At 11:00 we met our guide inside the great foyer on the second floor of the Capitol building. She explained to us about how the two previous capitol buildings had been built on the site and  their Nebraska limestone exteriors could not withstand the long term effects of wind,rain, and snow. When the decision was made to build a bigger, better, and stronger building, architect Bertram Grosvenor Goodhue was selected in a national search. He selected thematic consultant Hartley Burr Alexander, sculptor Lee Lawrie, and mosaicist Hildreth Meiere, a newly graduated architecture student to tell the history of Nebraska throughout the building.  The building was constructed over a ten year period and completely self funded-they even built the new building around the old building so nothing would be disrupted!
 
The building stands 14 stories tall and was constructed in Art Deco style. It’s nickname is “The Tower on the Plains”

(A set of bison at the front entrance steps representing the ten Plains Indian tribes of Nebraska are a combination of Art Deco and ancient Persian styles by Lee Lawrie)

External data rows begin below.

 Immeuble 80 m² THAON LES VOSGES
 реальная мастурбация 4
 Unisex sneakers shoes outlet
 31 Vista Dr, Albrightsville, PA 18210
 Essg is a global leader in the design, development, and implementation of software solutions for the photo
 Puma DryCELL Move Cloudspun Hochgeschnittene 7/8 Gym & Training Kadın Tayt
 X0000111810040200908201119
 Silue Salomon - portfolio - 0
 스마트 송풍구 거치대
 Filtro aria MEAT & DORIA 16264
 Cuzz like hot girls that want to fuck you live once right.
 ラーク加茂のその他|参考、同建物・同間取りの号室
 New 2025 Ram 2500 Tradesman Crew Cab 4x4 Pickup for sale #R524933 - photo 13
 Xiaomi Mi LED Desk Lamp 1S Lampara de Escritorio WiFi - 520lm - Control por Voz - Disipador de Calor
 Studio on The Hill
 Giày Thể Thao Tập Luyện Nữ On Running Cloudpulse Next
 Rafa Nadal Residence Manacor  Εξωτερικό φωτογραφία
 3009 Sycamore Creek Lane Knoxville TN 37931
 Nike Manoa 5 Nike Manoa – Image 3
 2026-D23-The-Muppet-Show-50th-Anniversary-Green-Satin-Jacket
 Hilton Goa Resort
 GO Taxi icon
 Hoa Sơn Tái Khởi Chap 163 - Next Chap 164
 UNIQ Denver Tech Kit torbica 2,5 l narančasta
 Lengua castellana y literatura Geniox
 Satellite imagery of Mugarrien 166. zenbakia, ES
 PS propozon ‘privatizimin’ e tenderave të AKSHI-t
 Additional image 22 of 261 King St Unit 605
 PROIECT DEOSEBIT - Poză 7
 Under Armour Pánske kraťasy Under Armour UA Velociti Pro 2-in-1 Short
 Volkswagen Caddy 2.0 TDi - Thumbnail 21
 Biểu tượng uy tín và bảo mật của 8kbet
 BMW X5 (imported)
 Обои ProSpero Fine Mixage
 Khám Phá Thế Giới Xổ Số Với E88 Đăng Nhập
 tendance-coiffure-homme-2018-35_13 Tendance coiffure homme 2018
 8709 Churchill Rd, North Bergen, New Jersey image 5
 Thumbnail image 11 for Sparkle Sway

I especially loved the carved Honduran mahogany doors by Lee Lawrie and executed by Keats Lorenz at the entrance to the Warner Legislative Chambers.

(I said Nebraskans really live up to being “The Cornhusker State”–check out the details on these door handles!)
 
The main gallery supports beautiful large scale murals showcasing Nebraska history

Ceiling murals by Hildreth Meiere in the Great Hall

Mosaic glass murals designed by Reinhold Marxhausen from 1966
 
I was especially impressed when I was told about Nebraska’s unicameral legislature–non-partisan elected members are elected from each county and totals only 49 members.It was promoted by Senator George Norris and in 1937 and adopted by a statewide referendum. They feel that with no dominant party in the legislature work gets done a whole lot faster— We could all learn from them!

While Hildreth Meiere’s black and white mosaic floors primarily featured scenes from Greek mythology.

The 14 floor features a memorial to WW I veterans and murals painted in 1996 by artist Stephen Roberts celebrates various working trades and historical events.

There is a set of outdoor balconies that allows you to see views of the city for miles.

I had to laugh as even the restrooms are throwbacks to another era

Leaving the Capitol building it was time for lunch. We discovered a wonderful French restaurant called The Green Gateau and enjoyed their Saturday brunch. We even had a slice of their famous green cake for dessert before returning to our campsite at Camp a Way.

The next morning we left  Lincoln and headed southeast to Indian Cave State Park to continue our Safari.